Raw data Start Marker

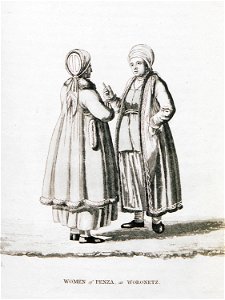 Women of Penza at Woronenz - Clarke Edward Daniel - 1810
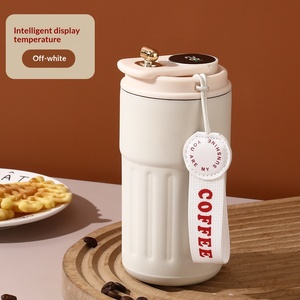 Tasse à café isotherme sous vide en acier inoxydable 304 de deuxième génération, avec couvercle, pour la conservation au froid, idéale pour l'extérieur et la voiture, cadeau transfrontalier - Product Image 6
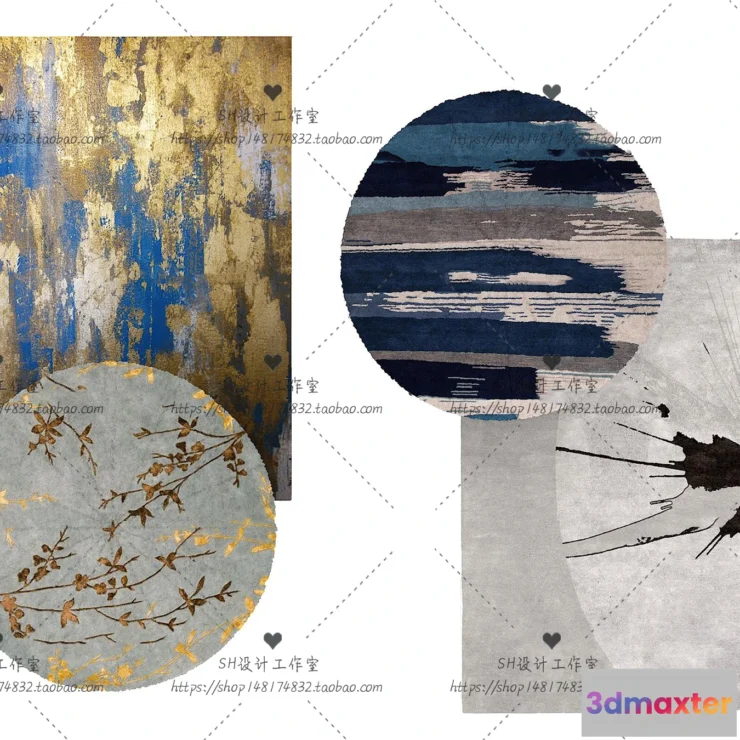 1135436 - Carpet - 3Ds Models - 0024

Raw data End Marker

(Action item) The answer must consist solely of the lines from the one with "Tasse à café" through the final line of the data, each reproduced exactly and with pictures omitted.

(Exercise output)
 Tasse à café isotherme sous vide en acier inoxydable 304 de deuxième génération, avec couvercle, pour la conservation au froid, idéale pour l'extérieur et la voiture, cadeau transfrontalier - Product Image 6
 1135436 - Carpet - 3Ds Models - 0024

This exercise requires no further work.